A pan-cancer analysis on the carcinogenic effect of human adenomatous polyposis coli.

机构信息

Medical School, Anhui University of Science and Technology, Huainan, China.

Institute of Environment-Friendly Materials and Occupational Health of Anhui University of Science and Technology (Wuhu), Wuhu, China.

出版信息

PLoS One. 2022 Mar 18;17(3):e0265655. doi: 10.1371/journal.pone.0265655. eCollection 2022.

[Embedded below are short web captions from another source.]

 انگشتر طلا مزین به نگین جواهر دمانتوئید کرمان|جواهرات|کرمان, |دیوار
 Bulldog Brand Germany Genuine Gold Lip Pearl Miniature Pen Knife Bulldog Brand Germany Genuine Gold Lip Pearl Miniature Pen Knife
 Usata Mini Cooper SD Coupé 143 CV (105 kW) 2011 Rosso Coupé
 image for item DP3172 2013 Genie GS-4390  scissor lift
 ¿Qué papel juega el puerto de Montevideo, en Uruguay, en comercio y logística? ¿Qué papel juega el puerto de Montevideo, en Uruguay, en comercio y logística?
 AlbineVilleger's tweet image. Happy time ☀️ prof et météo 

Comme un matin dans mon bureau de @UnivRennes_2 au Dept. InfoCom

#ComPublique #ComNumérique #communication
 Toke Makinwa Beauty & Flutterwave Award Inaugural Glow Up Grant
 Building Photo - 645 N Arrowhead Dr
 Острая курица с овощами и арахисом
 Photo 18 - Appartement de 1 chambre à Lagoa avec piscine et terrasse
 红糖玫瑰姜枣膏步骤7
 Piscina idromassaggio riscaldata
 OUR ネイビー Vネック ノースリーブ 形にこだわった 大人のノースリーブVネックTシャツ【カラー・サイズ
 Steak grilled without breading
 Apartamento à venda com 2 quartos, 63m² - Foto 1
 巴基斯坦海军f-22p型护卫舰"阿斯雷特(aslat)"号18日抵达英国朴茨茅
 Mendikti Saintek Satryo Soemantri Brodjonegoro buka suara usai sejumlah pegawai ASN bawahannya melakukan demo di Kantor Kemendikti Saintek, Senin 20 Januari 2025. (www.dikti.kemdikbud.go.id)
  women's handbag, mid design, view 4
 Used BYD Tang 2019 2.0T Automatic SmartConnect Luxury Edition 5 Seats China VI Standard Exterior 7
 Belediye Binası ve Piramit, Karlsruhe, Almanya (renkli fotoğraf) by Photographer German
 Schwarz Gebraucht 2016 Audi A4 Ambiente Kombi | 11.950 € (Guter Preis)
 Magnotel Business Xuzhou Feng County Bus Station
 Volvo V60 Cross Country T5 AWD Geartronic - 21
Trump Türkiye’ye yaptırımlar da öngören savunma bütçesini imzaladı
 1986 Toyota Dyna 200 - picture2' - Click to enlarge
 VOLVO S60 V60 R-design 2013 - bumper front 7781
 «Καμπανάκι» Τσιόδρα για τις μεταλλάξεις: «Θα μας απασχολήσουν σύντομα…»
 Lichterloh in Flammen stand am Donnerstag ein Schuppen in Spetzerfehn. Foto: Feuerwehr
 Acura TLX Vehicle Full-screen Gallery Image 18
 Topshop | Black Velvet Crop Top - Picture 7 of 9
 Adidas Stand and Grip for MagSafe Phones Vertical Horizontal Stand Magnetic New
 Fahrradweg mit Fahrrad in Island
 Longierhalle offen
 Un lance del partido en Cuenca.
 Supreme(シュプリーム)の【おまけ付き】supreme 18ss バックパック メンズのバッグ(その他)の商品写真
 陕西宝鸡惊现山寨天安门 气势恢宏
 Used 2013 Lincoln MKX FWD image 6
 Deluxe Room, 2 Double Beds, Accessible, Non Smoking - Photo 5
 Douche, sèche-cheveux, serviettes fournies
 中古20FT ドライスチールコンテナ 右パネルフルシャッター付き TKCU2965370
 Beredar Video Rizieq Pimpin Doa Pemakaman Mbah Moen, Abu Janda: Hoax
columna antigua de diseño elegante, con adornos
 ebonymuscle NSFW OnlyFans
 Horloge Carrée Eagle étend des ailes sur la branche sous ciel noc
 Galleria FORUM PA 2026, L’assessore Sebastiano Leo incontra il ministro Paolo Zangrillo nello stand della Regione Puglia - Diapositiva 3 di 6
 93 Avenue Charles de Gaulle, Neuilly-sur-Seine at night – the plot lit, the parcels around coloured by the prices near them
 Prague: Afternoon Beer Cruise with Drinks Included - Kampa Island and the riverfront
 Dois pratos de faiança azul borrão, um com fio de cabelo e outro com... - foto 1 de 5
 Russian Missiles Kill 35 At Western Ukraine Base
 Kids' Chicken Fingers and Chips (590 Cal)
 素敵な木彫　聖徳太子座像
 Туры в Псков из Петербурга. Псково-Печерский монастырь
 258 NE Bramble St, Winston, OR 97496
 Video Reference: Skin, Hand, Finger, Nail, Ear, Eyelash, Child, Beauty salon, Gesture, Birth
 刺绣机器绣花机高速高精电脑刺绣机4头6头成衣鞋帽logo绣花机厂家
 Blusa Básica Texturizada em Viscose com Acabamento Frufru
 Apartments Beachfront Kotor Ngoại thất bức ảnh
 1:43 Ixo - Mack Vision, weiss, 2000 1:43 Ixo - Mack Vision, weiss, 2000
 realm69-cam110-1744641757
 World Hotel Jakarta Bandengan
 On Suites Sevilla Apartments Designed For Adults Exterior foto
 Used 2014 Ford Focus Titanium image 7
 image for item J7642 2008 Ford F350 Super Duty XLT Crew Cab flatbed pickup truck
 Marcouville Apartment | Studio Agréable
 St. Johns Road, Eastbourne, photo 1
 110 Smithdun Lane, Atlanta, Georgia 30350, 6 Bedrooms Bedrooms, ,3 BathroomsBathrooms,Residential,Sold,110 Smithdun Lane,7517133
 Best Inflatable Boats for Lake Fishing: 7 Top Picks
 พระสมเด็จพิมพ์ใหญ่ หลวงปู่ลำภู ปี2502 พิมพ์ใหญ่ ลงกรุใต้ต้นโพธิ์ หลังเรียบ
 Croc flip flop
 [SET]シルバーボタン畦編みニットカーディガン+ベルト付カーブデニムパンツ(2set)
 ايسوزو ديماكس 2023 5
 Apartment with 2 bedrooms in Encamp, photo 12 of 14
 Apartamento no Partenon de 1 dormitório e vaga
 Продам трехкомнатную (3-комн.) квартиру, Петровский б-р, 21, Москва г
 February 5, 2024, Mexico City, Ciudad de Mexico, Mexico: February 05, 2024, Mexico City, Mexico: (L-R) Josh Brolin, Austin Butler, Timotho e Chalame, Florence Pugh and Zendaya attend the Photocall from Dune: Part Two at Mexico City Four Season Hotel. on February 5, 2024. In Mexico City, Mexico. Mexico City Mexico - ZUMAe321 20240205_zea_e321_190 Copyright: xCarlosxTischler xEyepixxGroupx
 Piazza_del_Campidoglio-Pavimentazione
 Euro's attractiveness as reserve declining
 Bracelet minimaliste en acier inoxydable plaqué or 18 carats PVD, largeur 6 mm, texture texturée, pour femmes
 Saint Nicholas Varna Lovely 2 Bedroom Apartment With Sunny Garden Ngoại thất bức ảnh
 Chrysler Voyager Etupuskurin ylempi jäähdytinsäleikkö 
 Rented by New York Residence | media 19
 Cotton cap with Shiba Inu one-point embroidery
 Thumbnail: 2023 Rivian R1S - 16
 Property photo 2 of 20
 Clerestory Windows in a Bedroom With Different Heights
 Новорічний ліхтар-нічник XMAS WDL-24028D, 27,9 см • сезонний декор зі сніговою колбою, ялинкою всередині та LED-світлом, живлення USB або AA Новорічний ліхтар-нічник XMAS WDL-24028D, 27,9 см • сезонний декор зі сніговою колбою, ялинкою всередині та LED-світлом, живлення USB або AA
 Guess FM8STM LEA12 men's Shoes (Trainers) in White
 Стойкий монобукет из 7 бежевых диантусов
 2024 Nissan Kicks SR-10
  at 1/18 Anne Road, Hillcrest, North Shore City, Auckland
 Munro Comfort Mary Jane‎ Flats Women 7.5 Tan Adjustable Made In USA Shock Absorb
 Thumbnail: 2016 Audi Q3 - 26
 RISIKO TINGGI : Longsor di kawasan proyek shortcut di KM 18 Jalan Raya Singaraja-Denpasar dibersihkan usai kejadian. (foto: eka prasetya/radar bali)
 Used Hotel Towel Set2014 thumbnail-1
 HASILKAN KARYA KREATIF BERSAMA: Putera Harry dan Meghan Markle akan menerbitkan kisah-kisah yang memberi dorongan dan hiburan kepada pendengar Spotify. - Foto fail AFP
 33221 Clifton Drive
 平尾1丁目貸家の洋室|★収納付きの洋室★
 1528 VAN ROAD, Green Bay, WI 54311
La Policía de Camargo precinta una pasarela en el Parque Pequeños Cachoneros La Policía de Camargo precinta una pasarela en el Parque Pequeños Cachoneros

DOI:10.1371/journal.pone.0265655
PMID:35303016
原文链接:https://pmc.ncbi.nlm.nih.gov/articles/PMC8932560/
Abstract

Adenomatous polyposis coli (APC) is the most commonly mutated gene in colon cancer and can cause familial adenomatous polyposis (FAP). Hypermethylation of the APC promoter can also promote the development of breast cancer, indicating that APC is not limited to association with colorectal neoplasms. However, no pan-cancer analysis has been conducted. We studied the location and structure of APC and the expression and potential role of APC in a variety of tumors by using The Cancer Genome Atlas and Gene Expression Omnibus databases and online bioinformatics analysis tools. The APC is located at 5q22.2, and its protein structure is conserved among H. sapiens, M. musculus with C. elaphus hippelaphus. The APC identity similarity between homo sapiens and mus musculus reaches 90.1%. Moreover, APC is highly specifically expressed in brain tissues and bipolar cells but has low expression in most cancers. APC is mainly expressed on the cell membrane and is not detected in plasma by mass spectrometry. APC is low expressed in most tumor tissues, and there is a significant correlation between the expressed level of APC and the main pathological stages as well as the survival and prognosis of tumor patients. In most tumors, APC gene has mutation and methylation and an enhanced phosphorylation level of some phosphorylation sites, such as T1438 and S2260. The expressed level of APC is also involved in the level of CD8+ T-cell infiltration, Tregs infiltration, and cancer-associated fibroblast infiltration. We conducted a gene correlation study, but the findings seemed to contradict the previous analysis results of the low expression of the APC gene in most cancers. Our research provides a comparative wholesale understanding of the carcinogenic effects of APC in various cancers, which will help anti-cancer research.

摘要

腺瘤性结肠息肉病(APC)是结肠癌中最常突变的基因,可导致家族性腺瘤性息肉病(FAP)。APC 启动子的高甲基化也可促进乳腺癌的发展,表明 APC 不仅与结直肠肿瘤有关。然而,尚未进行泛癌症分析。我们使用癌症基因组图谱和基因表达综合数据库以及在线生物信息学分析工具,研究了 APC 的位置和结构,以及 APC 在多种肿瘤中的表达和潜在作用。APC 位于 5q22.2,其蛋白结构在智人、小家鼠和盘羊中是保守的。智人与小家鼠的 APC 身份相似度达到 90.1%。此外,APC 在脑组织和双极细胞中高度特异性表达,但在大多数癌症中的表达水平较低。APC 主要表达在细胞膜上,通过质谱法在血浆中未检测到。APC 在大多数肿瘤组织中低表达,并且 APC 的表达水平与主要病理阶段以及肿瘤患者的生存和预后之间存在显著相关性。在大多数肿瘤中,APC 基因发生突变和甲基化,某些磷酸化位点(如 T1438 和 S2260)的磷酸化水平增强。APC 的表达水平也与 CD8+T 细胞浸润、Tregs 浸润和癌症相关成纤维细胞浸润的水平有关。我们进行了基因相关性研究,但结果似乎与 APC 基因在大多数癌症中低表达的先前分析结果相矛盾。我们的研究提供了对 APC 在各种癌症中致癌作用的全面比较理解,这将有助于抗癌研究。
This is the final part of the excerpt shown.